Even though VR in the wider world is very much at an early stage, McCulloch says that the data centre industry is pulling ahead and already producing VR environments for its customers.
He said that this tactic is already being utilised in the planning of building walkthroughs for architects and "is proving a useful tool".
"It is also becoming critical for data centre operators to climatise quickly to new technological changes. Just four years ago, HPC required 10kw racks, but now the demand has increased ranging all the way up to 30kw. It would not be all too surprising if VR follows the same path as it becomes more widely used.
"Data centre operators are thus beginning to mould data centre requirements to keep up the pace with ever growing demands of technology, making the idea of future proofing even more important."
An example of VR being used on the data centre floor can be seen from Google. In March 2016, the company posted on YouTube an eight and a half minutes long 360 video that takes anyone, anywhere, on a tour around and inside it’s The Dalles, Oregon, data centre.
The video, watched by more than 1.2 million people (as of May 2016), displays one of the most secured sites on Earth, where even "most Google employees do not get to see," said Sandeep Dinesh, developer advocate at Google who has been tasked with guiding users through the facility.
The ‘Google Data Centre 360 Tour’ has also helped to introduce data centres to a wider audience, helping consumers understand how services, and especially the cloud, are kept online.
In addition to being a useful planning and marketing tool, VR also has other benefits such as staff training and even help with VR meetings between sites of the same organisation spread worldwide.
Preparing for VR invasion
While data centres themselves can benefit from the technology, they also have to prepare for the fast adoption of VR outside the data halls.
McCulloch said: "Meeting the requirements of VR technology will ultimately lead to new challenges for data centre operators.
"Having racks that are optimised to cater for high-performance computing (HPC) and equally other high-bandwidth applications such as IoT and gaming are essential in making sure services are kept at optimal performance."
It is also crucial that facilities are future-proofed for such disrupting technologies, and that is "another key challenge for data centre organisations".
"Many claim to provide high performance racks but that equals far more infrastructure demands and therefore additional costs. Particularly with data centres located in major cities, the expense of rent and tile space is more significant than those on the edge.
"The process of upgrading and managing the space required to remain cost-effective is a strain for many. "
To provide a solution to this, many operators are adopting a hybrid formula where, for example, customers who may have ten racks can allocate two of those to support processes such as HPCand VR.
McCulloch told CBR that some instead may also choose to house smaller operations in their own data centres that require racks of 2-5kw power, but then can choose to utilise the more significant data hauls from VR and HPC in data centres that are equipped with 20-30kw to support these higher densities.

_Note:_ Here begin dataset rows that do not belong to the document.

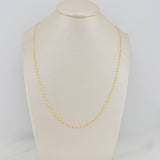 Cadena Flor Espejo 0.8gr / 44.5cm / 0.8mm Oro Amarillo +3 18K &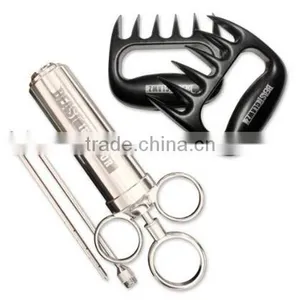Eco Friendly 304 Stainless-Steel Seasoning Liquid Injector Barbecue Meat Marinade Injector thumbnail-1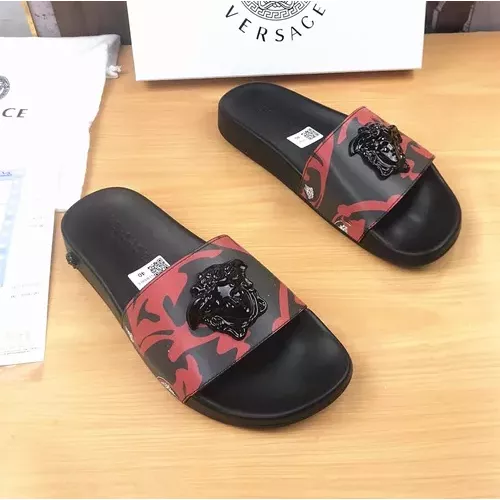 Replica Versace Slippers For Men #1311172 $45.00 USD for Wholesale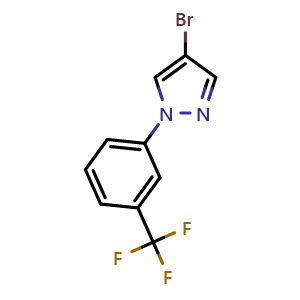 4-Bromo-1-(3-(trifluoromethyl)phenyl)-1H-pyrazole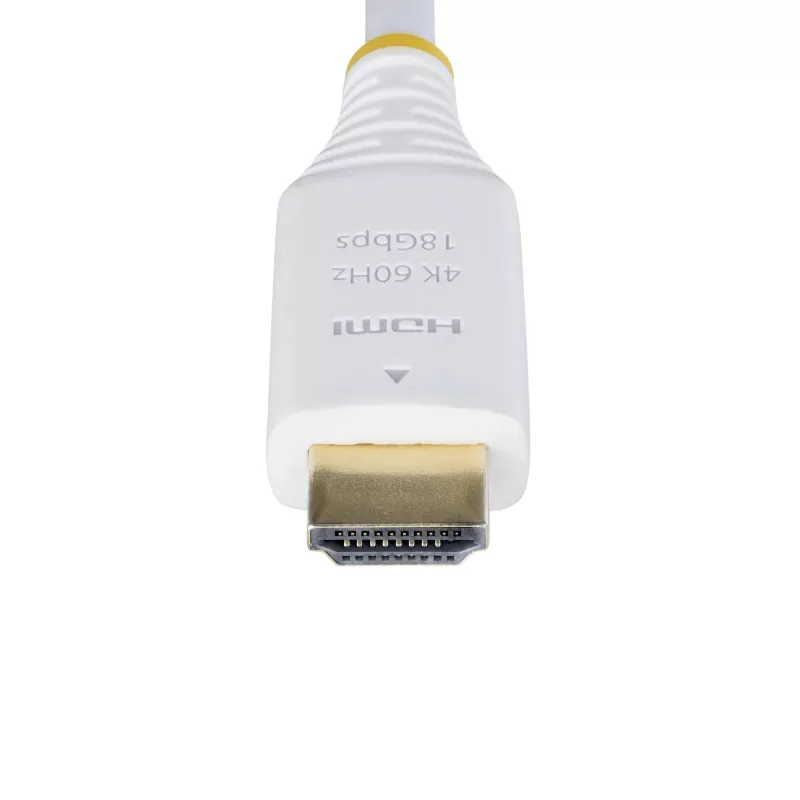StarTech.com 1,8 m Premium Certified High Speed HDMI kabel, 4K 60Hz/1440p 144Hz, HDR10/HDCP 2.2/ARC, 18Gbps, przewód UHD HDMI 2.0 do TV/monitora/wyświetlacza, koszulka TPE, biały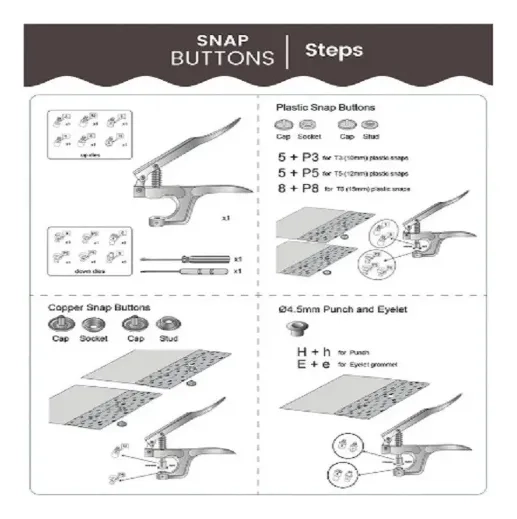 PINZA REMACHADORA PARA BROCHES PLASTICOS SNAP MAS 270 BROCHE - 5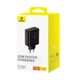 Сітчастий зарядний пристрій Baseus Cube Pro Fast Charger 2C+U 65W EU Cluster Black (P10152301113-00) - зображення 2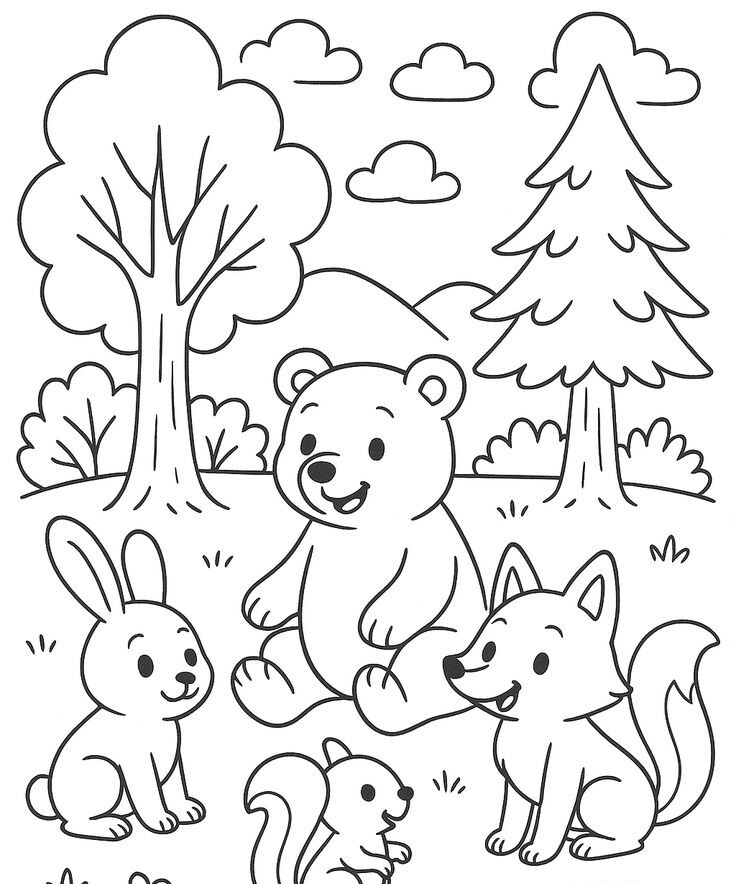 Tranh tô màu động vật hoa dã, dạy bé hiểu về thiên nhiên - 17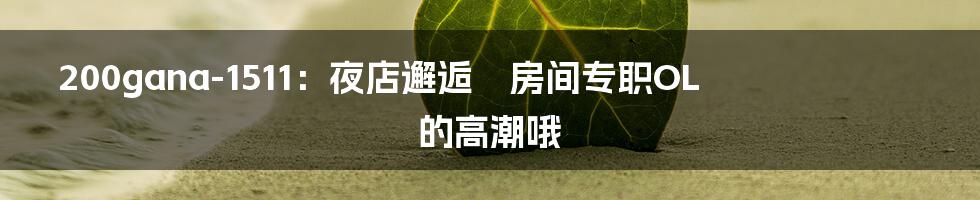 200gana-1511:夜店邂逅 房间专职OL的高潮哦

"Driving this very much lies in the hands of consumers who are increasingly clambering for richer audio-visual experiences delivered through streamed video services and online gaming.
"As consumption rates of these medias sore, so will the demands for the necessary infrastructure needed to support it, notably requiring the highest levels of connectivity, storage and security."
As a result, engineers will need to be aware of these demands by upgrading legacy infrastructures that are not necessarily equipped to handle modern densities and configurations of the new technology.
This while also keeping an eye on the potential rise in costs, particularly CAPEX, which can be incurred during potential upgrades.